→ **Instructions to follow**
Would you repeat exactly the part of the listing below that runs from the line containing "Conjunto feminino #Set" down to the line containing "Twistar logo - Similar company to C3 Iot", inclusive, and nothing else?

*** Block opens ***

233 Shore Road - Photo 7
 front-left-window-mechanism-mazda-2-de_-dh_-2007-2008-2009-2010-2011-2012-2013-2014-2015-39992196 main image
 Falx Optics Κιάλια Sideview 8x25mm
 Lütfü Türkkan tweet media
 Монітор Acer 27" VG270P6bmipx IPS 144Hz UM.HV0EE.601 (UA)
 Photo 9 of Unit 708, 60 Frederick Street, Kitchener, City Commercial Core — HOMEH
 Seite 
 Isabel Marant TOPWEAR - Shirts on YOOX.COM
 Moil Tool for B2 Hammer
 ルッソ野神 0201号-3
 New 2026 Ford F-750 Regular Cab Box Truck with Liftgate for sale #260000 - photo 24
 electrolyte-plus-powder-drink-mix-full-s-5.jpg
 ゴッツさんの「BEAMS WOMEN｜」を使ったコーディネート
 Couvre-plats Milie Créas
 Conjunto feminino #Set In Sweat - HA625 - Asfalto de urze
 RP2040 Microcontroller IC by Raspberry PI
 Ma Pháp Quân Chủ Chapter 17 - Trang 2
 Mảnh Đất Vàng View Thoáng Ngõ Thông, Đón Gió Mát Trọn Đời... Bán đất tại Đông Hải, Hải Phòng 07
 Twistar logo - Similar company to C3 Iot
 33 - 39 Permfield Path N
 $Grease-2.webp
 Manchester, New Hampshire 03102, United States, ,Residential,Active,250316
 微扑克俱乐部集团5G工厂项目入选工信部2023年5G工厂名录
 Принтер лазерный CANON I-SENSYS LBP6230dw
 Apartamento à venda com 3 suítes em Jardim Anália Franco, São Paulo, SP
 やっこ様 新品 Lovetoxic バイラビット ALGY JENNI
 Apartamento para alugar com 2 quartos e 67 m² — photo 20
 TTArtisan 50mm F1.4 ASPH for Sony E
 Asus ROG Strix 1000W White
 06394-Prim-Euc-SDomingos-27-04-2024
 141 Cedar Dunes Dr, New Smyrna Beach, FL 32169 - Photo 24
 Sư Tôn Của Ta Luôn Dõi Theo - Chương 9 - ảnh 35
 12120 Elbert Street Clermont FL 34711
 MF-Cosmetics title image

*** Block closes ***

→ **Completed exercise**
 Conjunto feminino #Set In Sweat - HA625 - Asfalto de urze
 RP2040 Microcontroller IC by Raspberry PI
 Ma Pháp Quân Chủ Chapter 17 - Trang 2
 Mảnh Đất Vàng View Thoáng Ngõ Thông, Đón Gió Mát Trọn Đời... Bán đất tại Đông Hải, Hải Phòng 07
 Twistar logo - Similar company to C3 Iot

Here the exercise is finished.